The great majority of its citizens [were] agricultural producers, living in inward-turned communities, and they [were] dominated by a minority whose chief distinguishing attributes [were] the management of violence, the maintenance of order, and the control of the offical wisdom of the society.[xvi]


Although Tibet remained dependent on foreign patronage to maintain its autonomy througout its history,  there was no real disadvantage in being the dependent state until the Communists came to power in China; rather, “political dependency was usually advantageous…and posed no threat to either the internal political autonomy or cultural identity.”[xvii]  The realities of being a dependent, Buddhist state did not become apparent to Tibetan leaders until the “Great Game” converged on Central Asia in the Nineteenth Century.

C.        The First “Independent” Tibet

            During most of the imperial era, Tibet served as a buffer state between Russia to the north, British India to the south and west, and China’s Ch’ing Dynasty to the east.  Despite its relative weakness compared with the relative super-powers of the time, Tibet remained outside their spheres of influence, and Tibetan society has been aptly described as “inward turned.”[xviii]

That is not to suggest that Tibet did not arouse interest and speculation during this era.  To the contrary, Tibet’s famed isolationism and religious fervor engendered a great deal of curiosity about the land and its people, particularly when letters to the Dalai Lama went unanswered and would-be travelers to Tibet were turned away before reaching Lhasa.  During most of the colonial era, however, Tibet’s isolationism was respected.  But as the Ch’ing Dynasty started to lose its influence over frontier areas like Tibet, Russia and Britain made efforts to contact the Tibetans.

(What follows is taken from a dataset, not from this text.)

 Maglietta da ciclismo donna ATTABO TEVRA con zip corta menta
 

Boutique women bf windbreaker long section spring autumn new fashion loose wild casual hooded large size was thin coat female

            After a series of back breaking treaties with various foreign powers, China completely lost its influence over Tibetan affairs.  One of Britain’s chief demands was the establishment of Anglo-Tibetan relations, both to secure India’s northern border and to facilitate trade in the region.  Under the Chefoo Convention of 1874, England was given the exclusive right to explore Tibet.[xix]  However, the British eventually discovered that at times of weakness, China had no authority to negotiate treaties on the Tibetans’ behalf.  When a British army expedition was sent from India to Tibet and ordered to reach Lhasa, by force if necessary, in 1903, the British encourtered stiff resistance, even though the Chinese had guaranteed them safe passage.  After skirmishes in which Tibetans were “shot down like partridges,”[xx] the British eventually became the first Europeans to reach Lhasa, although it took them the better part of a year to cross the plateau.    

            If Tibet’s independence was ambiguous before establishment of Anglo-Tibetan relations, the Lhasa Convention of 1904 muddied the waters even further.  By negotiating with Tibetan leaders directly, the British government implicity recognized the right of Tibet’s leaders to form bilateral agreements independent of China, which in turn confirmed the independent status of Tibet.[xxi]  Tibetan historians often harken back to this agreement as evidence of their independence from China.

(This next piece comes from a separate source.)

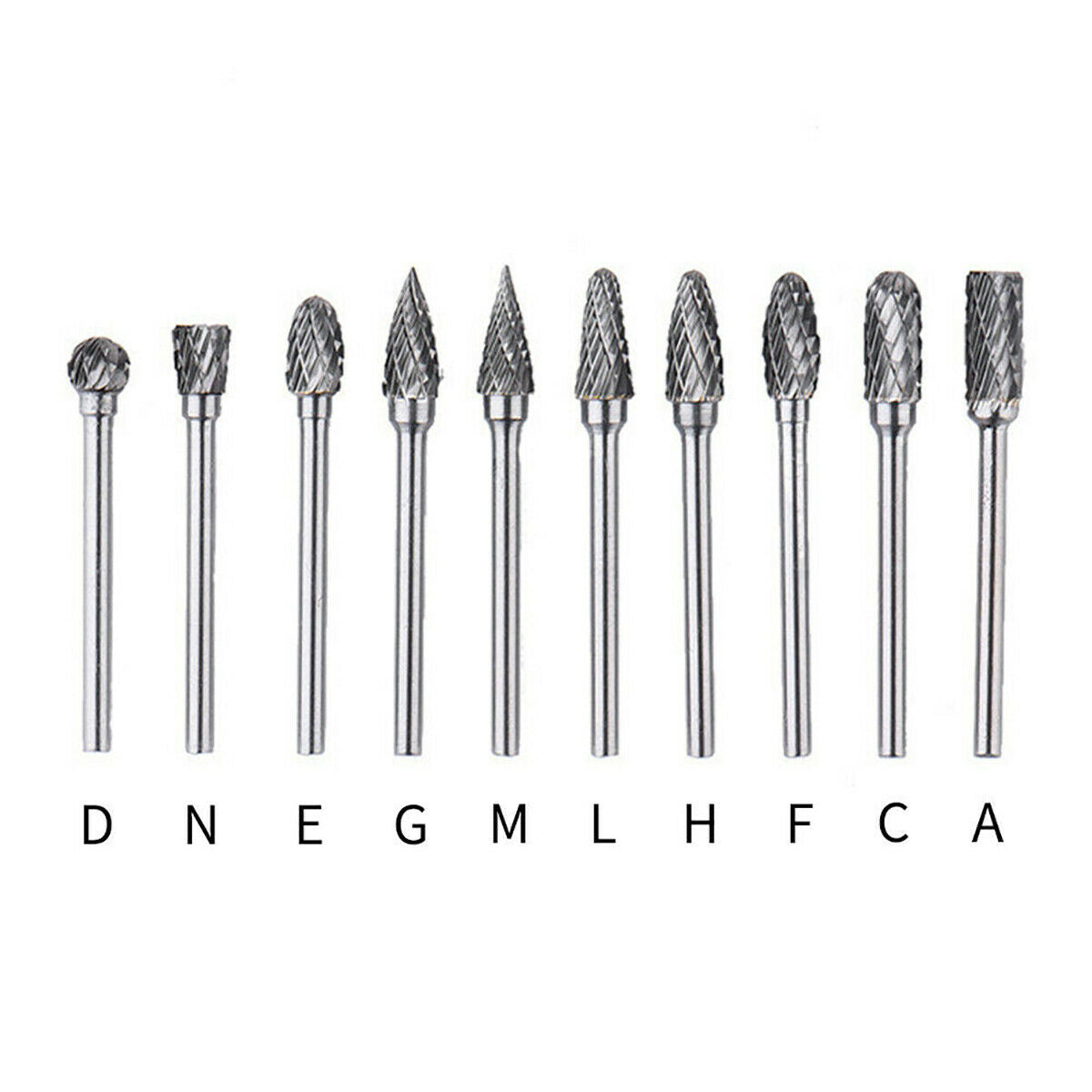 10Pcs Head Tungsten Carbide Steel Rotary Burr Die Grinder Bit Shank Carving Sets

            Unfortunately, the Lhasa Convention was not well-received in the international community, particularly in China.  To further its own interests in China, Britain agreed that China would continue to have some relation to Tibet, giving rise to the vague term “suzerainty,” which is defined as “a sovereign or state having supremecy over another state which possesses its own ruler or government but cannot act as an independent power.”[xxii]  India had experience with this concept because of its relations with Bhutan and Sikkim, but the concept was entirely lost on the Tibetans. 

            The Chinese seized upon the concept of “suzerainty” and interpreted it to mean they retained sovereignty over Tibet, a wholly different concept.  The Communists would eventually use the vagueness of suzerainty to justify incorporating Tibet into China.  At the same time, the international community would refuse to accept Tibet’s declarations of independence based on its understanding of China’s so-called suzerainty over Tibet. 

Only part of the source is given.